В упомянутой же записи говорится, что в тот же день Иоанн поручил своему любимцу Алексею Адашеву принимать челобитные от обиженных и рассматривать их, – теперь не было сильных и знатных. При этом он не обошелся и без надлежащей речи к Адашеву.

«Алексей, взял я тебя из бедных и самых молодых людей за твои добрые дела, а взыскал тебя выше твоей породы в помощь душе моей, хотя на то и не было твоего желания…»

И вот с этого времени начинается период новой жизни под управлением царя, митрополита и «избранной рады».

Не имея собственной личности, царь, окруженный людьми честными, любящими родину и правду, стал их невольным сообщником и государство, хотя на некоторое время, вздохнуло.

Москва приведена была в порядок. Сгоревшие храмы Божий воздвигнуты, постройки восстановлены и жизнь пошла мирным порядком.

В это время издан был судебник, или вторая Русская Правда, обуздано местничество, составлен и издан Стоглав, положено было основание к вызову в Россию ремесленников, художников, лекарей, аптекарей, типографщиков и т. д. Государство, успокоенное и управляемое людьми мудрыми и бескорыстными, скоро показало свою силу и в сношениях с неприятелями.

Казань была покорена, покорена и Астрахань, совершилось подданство черкесов Иоанну, завоевано черкесами Тмутараканское и Томашское княжества, сибирское царство обязалось платить дань, заведены мирные сношения с Англией, Литва была покорена и должна была выносить укрепляющуюся Россию, Крым трепетал и смирился, Ливония была почти уничтожена, Швеция посрамлена. Самое войско было преобразовано и чрез то представлялось непобедимым.

Все эти мудрые дела приписываются Иоанну. Правильно ли это? Мы видели уже, что он сам отрекся от этих дел.

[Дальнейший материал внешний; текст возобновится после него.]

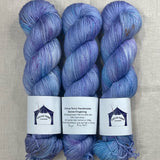Circus Tonic Handmade Soiree Fingering Luxury Hand dyed Yarn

По словам летописца, «Сильвестр управлял и церковью и думою и ему недоставало только седалища царского и святительского: он указывал и вельможам, и митрополиту, и судьям и воеводам: он мыслил, а царь делал» (Костомаров). Летопись говорит следующее о Сильвестре: «бысть яко вся могий и вся его послушаху…» Полевой высказался так: «Иоанн отнял власть у Глинских и передал ее думе боярской, но не дума управляла царством: правителем сделался протоиерей Сильвестр… Ничего Сильвестр и Адашев не делали без разрешения царского, но, разумеется, никто не смел отказать в их предложении и царь всегда соглашался с ними».